After nine months of planning, Ladyfest Texas makes its debut this weekend at venues all over Austin. Ladyfest began in Olympia, Wash., 2000 and has spread to over 20 locations in the U.S., Europe, and Australia. "Our focus is the difficulties and challenges facing women, especially in punk rock," says Kim Francis, one of Ladyfest Texas' organizers. "We're going to create our own space for a community of female artists to showcase talent that might get overlooked otherwise." The film festival component of Ladyfest is Saturday at the Hideout, with screenings of documentaries by local directors, as well as Don't Need You, a 45-minute look at the evolution of the riot-grrrl phenomenon that gave rise to Ladyfest. More than 40 visual artists will exhibit their works at an all-woman show at Gallery Lombardi, lasting the weekend and opening tonight (Thursday) from 6-9pm. Spoken-word events are scheduled for Friday and Sunday, and the musical component of Ladyfest happens Saturday at Emo's, with an early show featuring San Francisco's legendary Tribe 8, Japan's Mummy the Peepshow, locals Coco Candissi, Ainjel Emme, the Tuna Helpers, and more (see "Music Listings").

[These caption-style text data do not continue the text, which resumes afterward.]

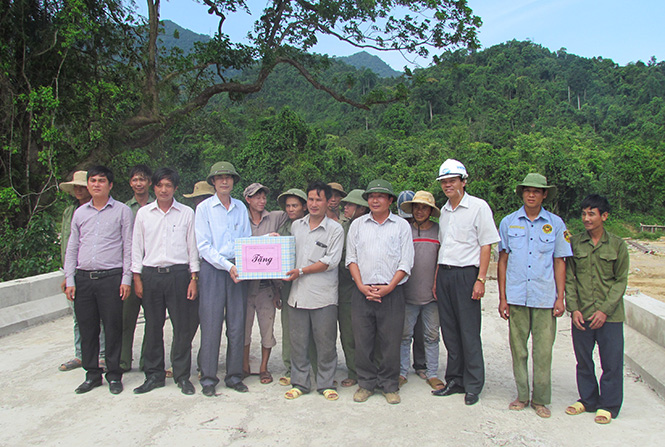 Lãnh đạo Công đoàn ngành GTVT Quảng Bình thăm và tặng quà công nhân thi công đường quốc lộ 9B.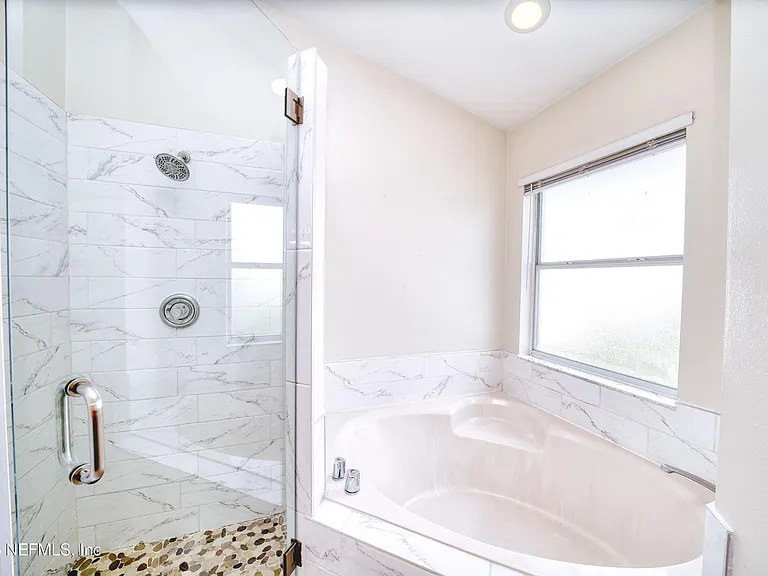 5628 Loma Vista Dr W — Photo 28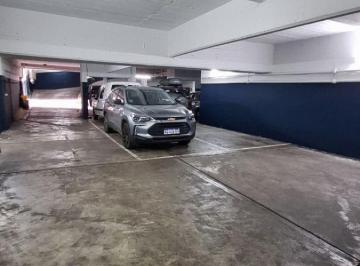Garage , Belgrano · Excelente Cochera Fija y Cubierta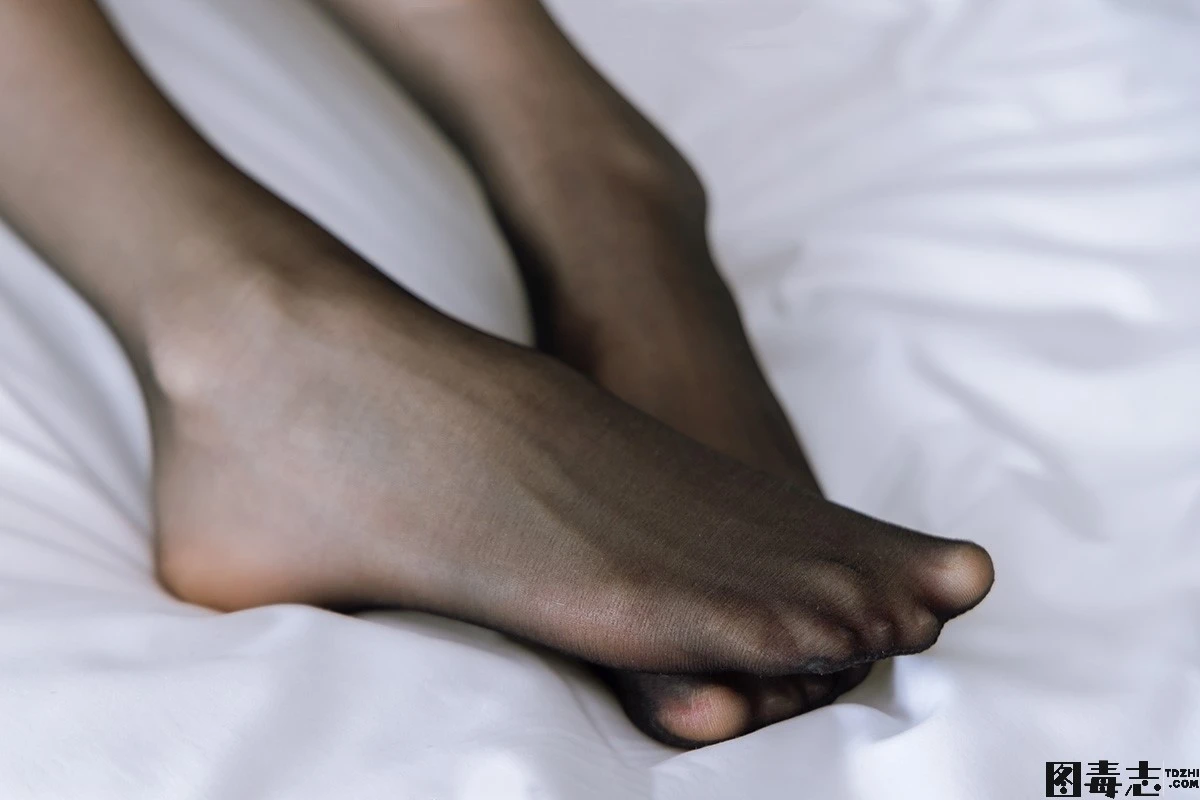 [BoBoSocks袜啵啵] No.168 稚予-高跟鞋、长靴、油亮黑丝、手撕丝袜剧情-光影社区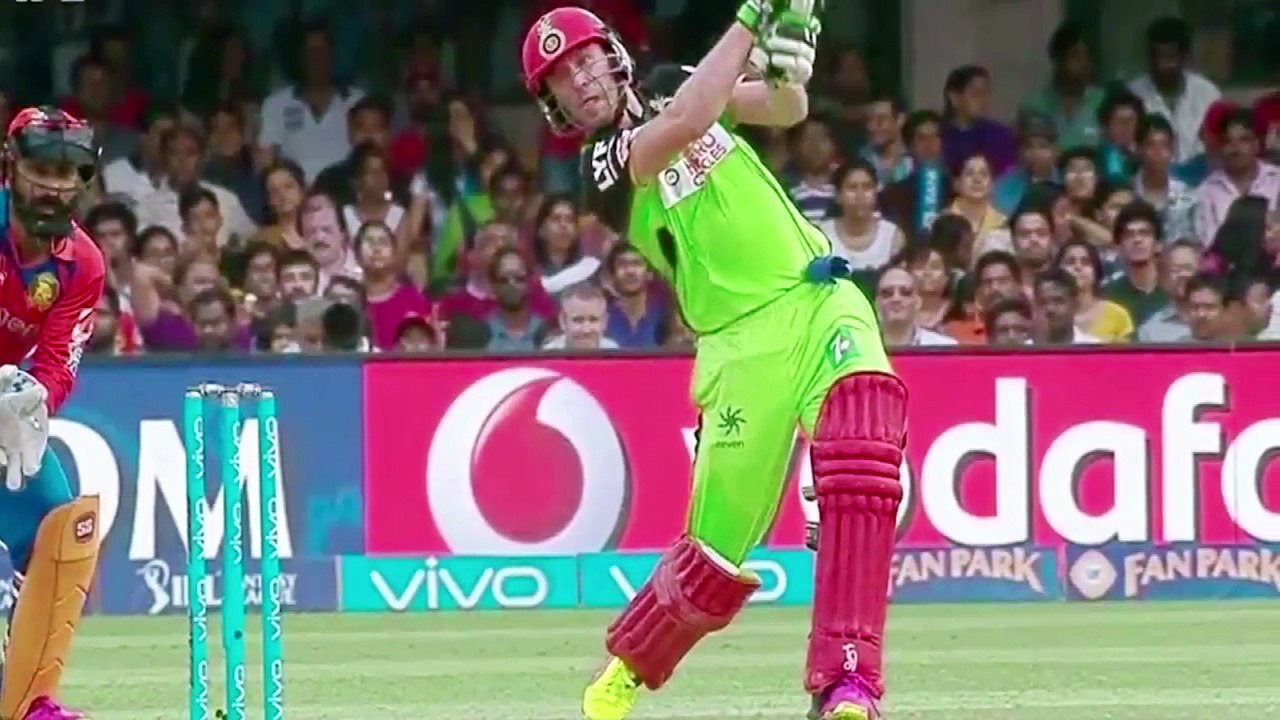 AB de Villiers and  Kohli 229 Runs Partnership  vs Gujarat Lions in IPL by Crickiepedia.com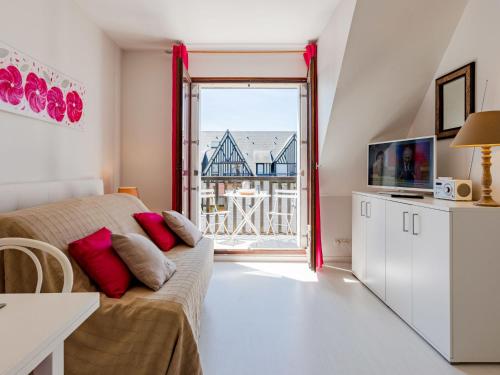 un salon avec un canapé et une grande fenêtre dans l'établissement Apartment Fleur Marine-33 by Interhome, à Cabourg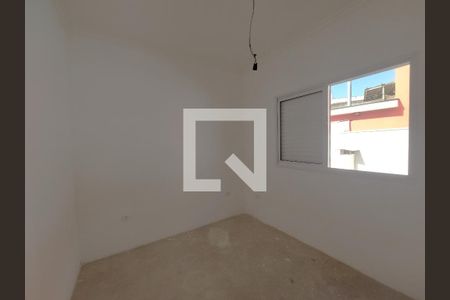Casa à venda com 110m², 3 quartos e 2 vagasQuarto 3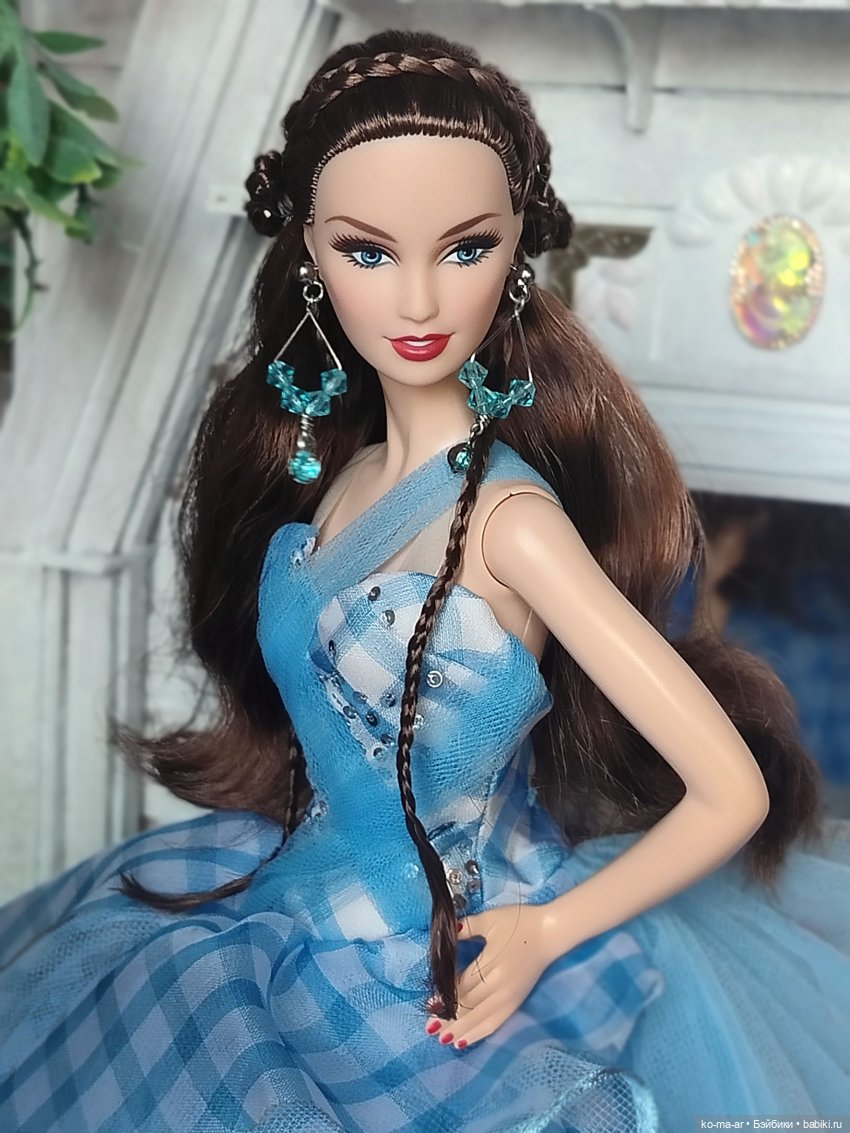 Barbie Dorothy Wizard Fantasy Glamour 2013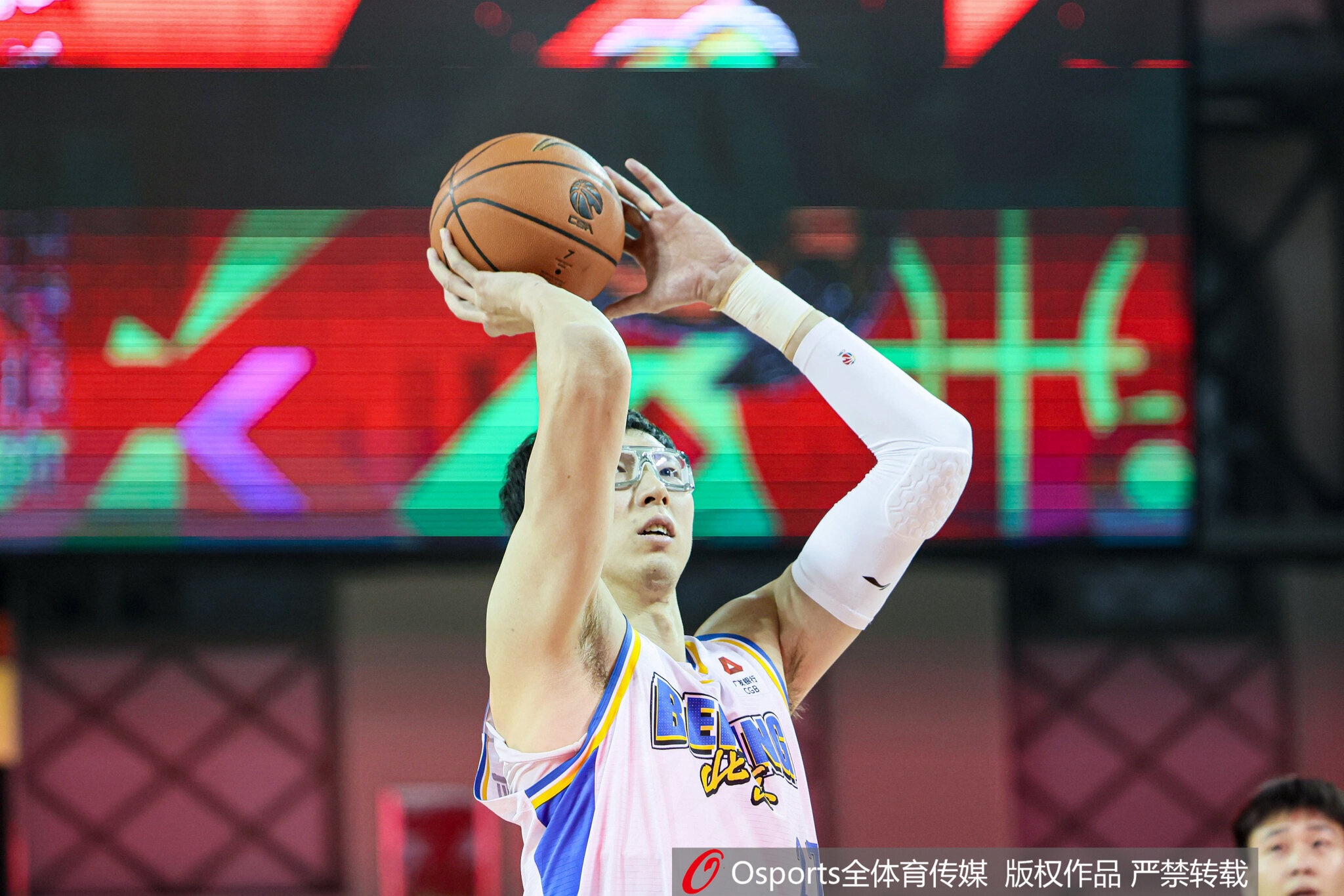 今天陈盈骏&amp;方硕&amp;周琦全被罚下 张鹏珲有高度能持球有三分真能用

Wristbands good for admission to all Ladyfest events are available for $35 at MonkeyWrench Books, Book Woman, and at The Web site also contains more information on the all-day workshops happening Saturday and Sunday at UT, everything from menstruation alternatives to "Finding Your Inner Rock Star." "One of our main objectives is to inspire women and young girls to contribute artistically," Francis says, "and empower them to become creators of art instead of consumers."

Mr. Kite's Corner

Several high-profile musicians lend their talents to a pair of benefits for eminently worthy causes next week. Wednesday, May 28, at the Backyard, Ray Benson, Jimmie Vaughan, Bonnie Raitt, and "Miss Rhythm & Blues" Ruth Brown do their part to raise money for the 2003 Rhythm & Blues Foundation Pioneer Honorees: Clarence "Frogman" Henry, Koko Taylor, the Supremes, the Del Vikings, the Dixie Cups, George Clinton, Maceo Parker, Houston native Johnny Nash, and the family of Jackie Wilson. Founded in 1988, the nonprofit foundation provides financial support for R&B and Motown musicians from the Forties through the Seventies. Benson, who organized the benefit and sits on the foundation's board, has a solo album, Beyond Time, due next month. Tickets start at $35. The next night at La Zona Rosa, Texas heroes Delbert McClinton and Marcia Ball join Canadian singer-songwriter and Austin favorite Fred Eaglesmith for the Avon Foundation's "Kiss Goodbye to Breast Cancer" benefit. Proceeds go to the Breast Cancer Resource Center of Austin, an organization started in 1995 to provide support, education, and information to women diagnosed with breast cancer, as well as their friends and families. Tickets are $50. Tickets for both shows are available through Star Tickets at 469-SHOW. Dig deep.